À l'orée de la rue Vauquelin, le Collège français de Montréal-Enclave (c'était le nom gravé en lettres romaines sur le fronton de pierre au-dessus de l'entrée, "Enclave" en moins), était un de ces édifices géométriques bâtis à la gloire du fonctionnalisme, courants en France pendant la Reconstruction et qui avaient continué d'être de rigueur jusqu'à la fin des années 70 dans l'Enclave traditionnellement décalée d'une dizaine d'années par rapport à ce que certains de ses plus vieux habitants appelaient encore "la Métropole". Pourquoi, à l'époque, n'avait-on pas plutôt rénové et adapté l'Hôtel Vauquelin qui se trouvait juste de l'autre côté de la rue, superbe quoique vieillissante demeure des descendants du marquis déménagés sur l'île Sainte-Hélène ? Mais non, on avait voulu faire moderne et on avait condamné tout le monde à cette boîte de béton aseptisé, aux éclairages trop blancs et aux interminables couloirs. Quelquefois, dans celui qui menait à sa salle, Catherine se disait qu'il n'y avait guère de différence entre l'architecture du Collège et celle d'un poulailler industriel - sans doute parce que la conception qu'on y avait en général de l'éducation n'était pas sans rapport avec le sort réservé aux malheureuses volailles. Certainement, quand sonnait la cloche de fin de période, les étudiants se précipitaient dans les couloirs avec toute l'énergie et le volume sonore de gallinacés subitement libérés d'un destin pire que la mort !
Elle en aurait bien fait autant quelquefois, mais elle connaissait trop bien les limites de la tolérance administrative, sans parler de celle de ses étudiants. Agaçant, évidemment, avec son passé, j'ai-fait-Mai-76-en-France-moi-jeunes-gens, de se retrouver en classe dans le rôle de l'adulte obtuse contre laquelle tel jeune mâle ou, plus rare, telle adolescente rebelle décidaient soudain de s'affirmer, mais elle en avait l'habitude à présent. Ne pas leur faire le coup de la compréhension complice, subir, louvoyer tactique, et dans les meilleurs des cas, quand ils veulent parler, leur laisser sentir qu'ils le peuvent. Et se répéter avec un sourire intérieur son mantra : "Ça leur passera avant que ça ne me reprenne". Ça se passait bien, d'une année à l'autre, une fois épuisées les blagues inévitables sur son accent français, "Vous n'êtes pas d'ici, vous", administrées avec une lassante régularité par chaque nouvelle génération d'étudiants, et qui masquaient en général un réflexe de respect quasiment génétique de certains Québécois (comme s'obstinaient à s'appeler les gens de l'Enclave) envers les Français-de-France. Elle en était bien agacée, au début. Et puis, elle était navrée de ce qui était masqué là en réalité, le mépris secret et angoissé qu'avaient tant de francophones canadiens pour leur parler, leur accent, leur "patois", comme disaient certains ; cette difficulté chez eux à admettre que différence ne fût pas synonyme d'infériorité pour ceux qui étaient différents...

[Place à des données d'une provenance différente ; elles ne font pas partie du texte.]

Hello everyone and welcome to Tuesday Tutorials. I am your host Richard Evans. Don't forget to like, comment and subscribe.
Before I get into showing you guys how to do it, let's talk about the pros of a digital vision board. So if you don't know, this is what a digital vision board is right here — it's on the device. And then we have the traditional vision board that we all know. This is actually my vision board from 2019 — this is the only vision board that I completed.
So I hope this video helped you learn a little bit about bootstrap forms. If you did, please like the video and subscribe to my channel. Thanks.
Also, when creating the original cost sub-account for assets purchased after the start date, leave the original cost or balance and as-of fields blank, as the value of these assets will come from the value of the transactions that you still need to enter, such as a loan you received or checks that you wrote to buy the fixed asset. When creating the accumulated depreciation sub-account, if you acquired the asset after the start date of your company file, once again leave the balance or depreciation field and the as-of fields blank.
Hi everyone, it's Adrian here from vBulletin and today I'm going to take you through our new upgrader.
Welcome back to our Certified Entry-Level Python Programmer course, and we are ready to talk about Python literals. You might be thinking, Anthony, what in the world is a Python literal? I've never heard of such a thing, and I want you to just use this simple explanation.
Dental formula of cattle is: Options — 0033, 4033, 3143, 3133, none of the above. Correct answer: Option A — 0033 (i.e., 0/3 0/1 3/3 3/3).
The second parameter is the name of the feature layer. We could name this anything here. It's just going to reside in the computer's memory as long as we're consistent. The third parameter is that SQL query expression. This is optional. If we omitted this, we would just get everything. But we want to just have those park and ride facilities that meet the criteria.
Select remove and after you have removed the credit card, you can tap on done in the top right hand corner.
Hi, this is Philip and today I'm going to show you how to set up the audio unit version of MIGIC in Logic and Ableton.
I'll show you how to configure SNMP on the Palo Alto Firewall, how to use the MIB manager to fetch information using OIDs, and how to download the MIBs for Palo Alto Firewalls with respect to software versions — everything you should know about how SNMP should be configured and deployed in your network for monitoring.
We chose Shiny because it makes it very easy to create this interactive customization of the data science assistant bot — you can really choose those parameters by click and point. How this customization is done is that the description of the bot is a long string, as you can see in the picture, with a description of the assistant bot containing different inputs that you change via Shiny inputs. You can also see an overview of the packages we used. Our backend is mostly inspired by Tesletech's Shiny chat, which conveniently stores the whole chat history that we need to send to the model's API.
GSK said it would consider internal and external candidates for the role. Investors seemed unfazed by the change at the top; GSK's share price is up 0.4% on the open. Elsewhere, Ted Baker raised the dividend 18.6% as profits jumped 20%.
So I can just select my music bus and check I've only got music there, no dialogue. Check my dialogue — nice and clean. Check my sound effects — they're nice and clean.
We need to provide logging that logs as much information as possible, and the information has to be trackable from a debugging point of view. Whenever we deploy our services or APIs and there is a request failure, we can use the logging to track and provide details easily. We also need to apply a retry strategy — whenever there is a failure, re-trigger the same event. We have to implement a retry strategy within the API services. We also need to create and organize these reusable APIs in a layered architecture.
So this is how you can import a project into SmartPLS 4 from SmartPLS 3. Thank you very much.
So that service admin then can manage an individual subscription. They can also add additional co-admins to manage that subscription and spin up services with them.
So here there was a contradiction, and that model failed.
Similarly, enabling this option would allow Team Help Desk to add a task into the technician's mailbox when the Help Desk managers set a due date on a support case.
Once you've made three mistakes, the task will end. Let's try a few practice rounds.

En bas du grand escalier, elle hésita : la cafétéria ? Si jamais Marchand lui mettait le grappin dessus... Et puis cette grande salle bruyante... Le mercredi matin, après trois heures consécutives de cours, elle avait plutôt envie de tranquillité. Elle sortit du Collège. Quantité de petits restaurants s'égrenaient le long de Notre-Dame Ouest, entre Vauquelin et Sainte-Jeanne. Il y en aurait bien au moins un avec une table libre, même s'il était midi passé.
Mais Le Lapin Blanc était plein, comme Chez Sophie et Le Troquet. Il y avait bien Le Domino et La Traverse, mais c'étaient des cafétérias : même si on y mangeait bien mieux, tant qu'à faire, autant aller à celle du Collège !
Avec le soleil à son zénith, et le vent montant du fleuve heureusement limité à une brise légère, la température était supportable. Pourquoi ne pas pousser un peu plus loin ? Elle n'avait pas tellement faim, de toute façon - à la pause, elle avait mangé avec toute la classe du sucre à la crème de Noël apporté par une des filles (ah, ce tropisme nourricier des filles !). Et tiens, pourquoi ne pas essayer de retrouver les ruines aux chats ? C'était dans cette direction, après Saint-Laurent. Sûrement pas très loin, un ou deux blocs peut-être. Avant l'église Notre-Dame ? Après ? Elle ne se rappelait pas avoir passé l'église. Mais elle n'y avait pas prêté attention, voilà tout. Saint-François-Xavier, Sainte-Jeanne... Si loin ? Elle s'arrêta, déconcertée, regarda sa montre. Une heure moins le quart ! Il ne faudrait pas que ce soit beaucoup plus loin. Elle n'avait vraiment pas eu l'impression de marcher aussi longtemps, le matin.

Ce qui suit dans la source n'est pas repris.